### Work to be completed
Below are records; repeat them all exactly.

### The records
= Beginning of Section =
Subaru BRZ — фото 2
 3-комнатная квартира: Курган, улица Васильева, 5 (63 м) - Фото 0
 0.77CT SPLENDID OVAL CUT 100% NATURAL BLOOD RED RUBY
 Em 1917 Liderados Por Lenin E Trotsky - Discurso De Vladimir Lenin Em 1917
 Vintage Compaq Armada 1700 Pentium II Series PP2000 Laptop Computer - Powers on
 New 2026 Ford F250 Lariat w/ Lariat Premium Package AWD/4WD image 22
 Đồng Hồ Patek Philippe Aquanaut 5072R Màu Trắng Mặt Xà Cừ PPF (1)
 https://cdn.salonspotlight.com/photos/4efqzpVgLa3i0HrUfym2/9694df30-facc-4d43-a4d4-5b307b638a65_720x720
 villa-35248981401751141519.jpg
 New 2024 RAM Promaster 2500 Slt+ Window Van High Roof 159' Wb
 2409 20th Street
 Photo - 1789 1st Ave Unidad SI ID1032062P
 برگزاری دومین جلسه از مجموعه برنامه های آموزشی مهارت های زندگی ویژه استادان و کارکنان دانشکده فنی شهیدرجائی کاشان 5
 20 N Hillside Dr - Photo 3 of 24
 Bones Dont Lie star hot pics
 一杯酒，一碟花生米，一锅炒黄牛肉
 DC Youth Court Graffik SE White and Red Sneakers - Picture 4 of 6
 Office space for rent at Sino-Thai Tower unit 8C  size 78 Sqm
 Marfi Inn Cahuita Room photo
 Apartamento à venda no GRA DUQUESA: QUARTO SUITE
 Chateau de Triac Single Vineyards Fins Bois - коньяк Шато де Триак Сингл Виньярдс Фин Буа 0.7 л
= End of Section =
### Task result
Subaru BRZ — фото 2
 3-комнатная квартира: Курган, улица Васильева, 5 (63 м) - Фото 0
 0.77CT SPLENDID OVAL CUT 100% NATURAL BLOOD RED RUBY
 Em 1917 Liderados Por Lenin E Trotsky - Discurso De Vladimir Lenin Em 1917
 Vintage Compaq Armada 1700 Pentium II Series PP2000 Laptop Computer - Powers on
 New 2026 Ford F250 Lariat w/ Lariat Premium Package AWD/4WD image 22
 Đồng Hồ Patek Philippe Aquanaut 5072R Màu Trắng Mặt Xà Cừ PPF (1)
 https://cdn.salonspotlight.com/photos/4efqzpVgLa3i0HrUfym2/9694df30-facc-4d43-a4d4-5b307b638a65_720x720
 villa-35248981401751141519.jpg
 New 2024 RAM Promaster 2500 Slt+ Window Van High Roof 159' Wb
 2409 20th Street
 Photo - 1789 1st Ave Unidad SI ID1032062P
 برگزاری دومین جلسه از مجموعه برنامه های آموزشی مهارت های زندگی ویژه استادان و کارکنان دانشکده فنی شهیدرجائی کاشان 5
 20 N Hillside Dr - Photo 3 of 24
 Bones Dont Lie star hot pics
 一杯酒，一碟花生米，一锅炒黄牛肉
 DC Youth Court Graffik SE White and Red Sneakers - Picture 4 of 6
 Office space for rent at Sino-Thai Tower unit 8C  size 78 Sqm
 Marfi Inn Cahuita Room photo
 Apartamento à venda no GRA DUQUESA: QUARTO SUITE
 Chateau de Triac Single Vineyards Fins Bois - коньяк Шато де Триак Сингл Виньярдс Фин Буа 0.7 л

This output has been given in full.